As American citizens, Jan. 6th prisoners are presumed innocent until proven guilty.
By Richard Manning
I had the privilege of attending two news conferences on Thursday with four courageous members of Congress, Reps. Louie Gohmert, Marjorie Taylor Greene, Bob Good and Matt Gaetz. They spoke to reporters at both the Washington, DC jail where the Jan. 6th defendants are being held and at the base of the U.S. Capitol.
I shared my experiences with the Sean Hannity Radio Show listeners. You can listen here to that interview:
Richard Manning on the Sean Hannity Radio Show talking about importance of the Bill of Rights
My message is simple: liberty matters. Every American citizen, regardless of the allegations against them, is entitled to due process under the law and humane treatment while jailed.
I have never been as proud of any members of Congress as I was of these four. Rather than ducking controversy, they shined a light on allegations of abuse of the Jan. 6th prisoners. They are seeking to ensure humane conditions for all prisoners in the DC jail. Defense attorneys have told lawmakers that these prisoners have been subjected to solitary confinement under conditions that are antithetical to the core values of the American system of justice. As American citizens, Jan. 6th prisoners are presumed innocent until proven guilty.
The public employees who operate the DC Jail could have easily assuaged concerns of prisoner mistreatment by opening their doors to members of Congress who have oversight over their budget. Instead, they demanded the members leave the public lobby and accused them of trespassing. When the ‘supervisor’ came out to meet with the members, she met them outside and proceeded to turn heel and leave, locking the door behind her.
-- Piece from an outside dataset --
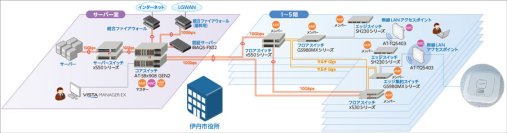 【導入事例：伊丹市】新庁舎で目指す自治体DXの基盤となるITインフラの整備に寄与- 住民サービスの向上と職員の働き方改革を実現する「スマート庁舎」へ -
If the DC Jail had nothing to hide, it is reasonable to ask, why they worked so hard to avoid any transparency whatsoever? If prisoners who have not been convicted of any misdemeanor or felony are not being abused, the behavior of those who run this jail gave credence to every concern about what is happening under their watch. Enough is enough.
Supreme Court Chief Justice John Roberts has judicial oversight authority over the District of Columbia and it is time for him to demand answers. There is no excuse for Justice Roberts to remain silent. If those prisoners are being denied their due process rights, then no one else’s rights are safe, either.
Americans owe a debt of gratitude to Reps Gohmert, Taylor Green, Good and Gaetz, along with Paul Gosar who has been the point of the spear on this issue. The only question is where were the other 430 Members of Congress?
Every single member of Congress has sworn an oath to the Constitution that says under the
American system of justice, a person is innocent until proven guilty. Every member should be demanding that basic standard be met.
In writing the Constitution, our Founding Fathers were absolutely genius. Instead of a state in which the government ruled over the people, they created a state in which the people rule over the government. This was a radical break with every other construct of government in history. We have lasted for more than 240 because of the balance of power that protects our underlying individual liberties. Unfortunately, today many in Congress want to tear that government down and tear down the Constitution because they view it as an evil document.
I’m not saying the Jan. 6th political prisoners should be released. I’m saying they have due process rights and to deny them those rights because of political reasons is an affront to our basic constitutional liberties and it is wrong.
As Americans we should demand more of our members of Congress. Every single one of them ought to be fighting for the due process rights of the Jan. 6th prisoners.
Richard Manning is President of Americans for Limited Government.